How could anyone ever show that the structure of reality implies that, given “C”, it was inevitable that GW Bush would decide to invade Iraq? The proposition becomes even more doubtful, even verging on nonsense, when the claim is that everything that happens, all historical, psychological, cultural events, all individual actions and such, are inevitable. All this seems part and parcel of a metaphysical philosophy that advances certain, unexamined propositions purporting to describe the structure of reality. (?)
Other than theoretical presuppositions and philosophical assumptions, there aren’t any compelling reasons for asserting that the simple, mechanistic cause-effect scheme describes the structure of all physical reality, much less the structure of all biological, psychological, social and cultural reality.
Work in the following areas would not have advanced much if the controlling principle had been the assumption of simple, mechanistic cause-effect in all of nature: quantum physics, relativity physics, biological sciences, evolutionary theory of natural selection – genetics, etc
Much work in theoretical physics is based on mathematical models, rather than a cause-effect scheme.
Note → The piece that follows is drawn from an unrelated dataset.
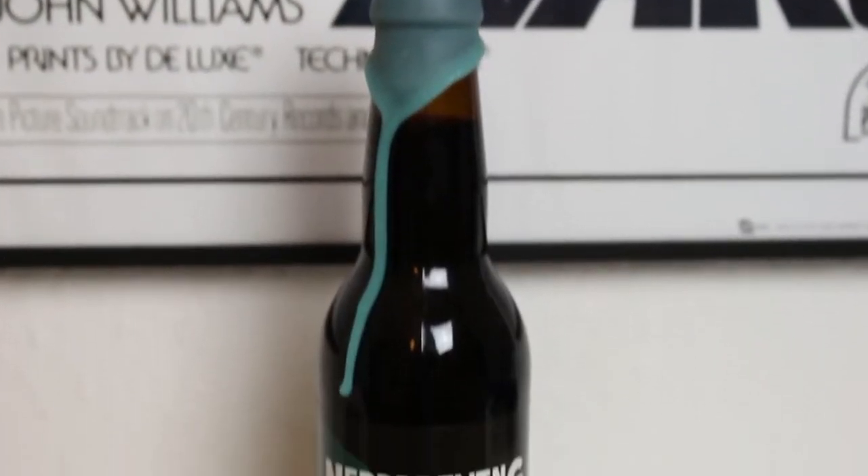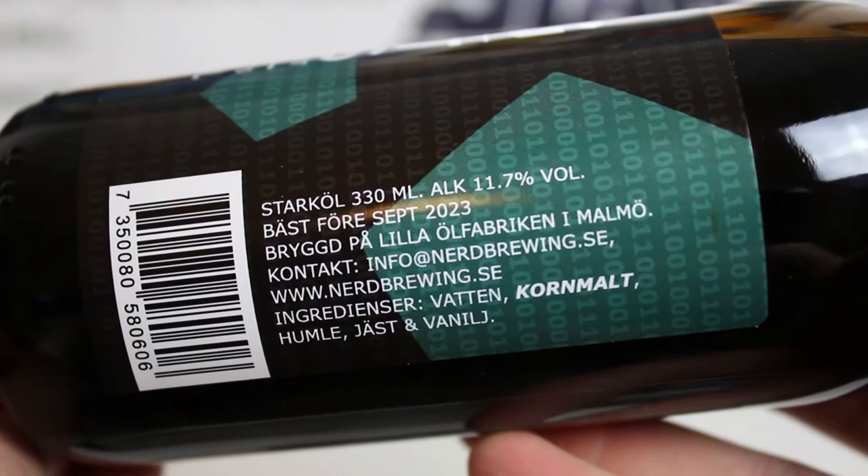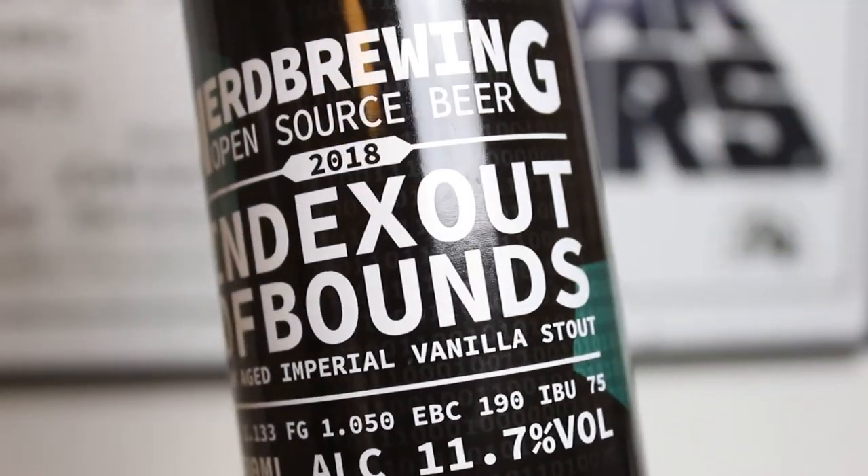So this will be fun to try because this is one of his more acclaimed beers that he re-brewed in 2018. This is the Nerd Brewing Index Out of Bounds — one of his more famous beers. This is the base version: an oak-aged Imperial Vanilla Stout at 11.7%. There are numerous versions with coffee, coconut, all kinds of things, but the Index Out of Bounds base is this — a vanilla Imperial Stout, no bomb, aged in oak.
Any scientist relying on a strictly deterministic picture of the universe would soon find that he was unable to explain all the genuine and apparent randomness in nature, both at the quantum level and at the macro level.
Finally in the areas of the social sciences and humanities, the assumption of a simple cause-effect scheme is of limited usefulness, and the notion “ultimate inevitability” is not helpful at all. Can anyone seriously propose that we could explain such phenomena as history, culture, the arts, literary genius, religious phenomena, etc. as simply inevitable chains of causally-conditioned events?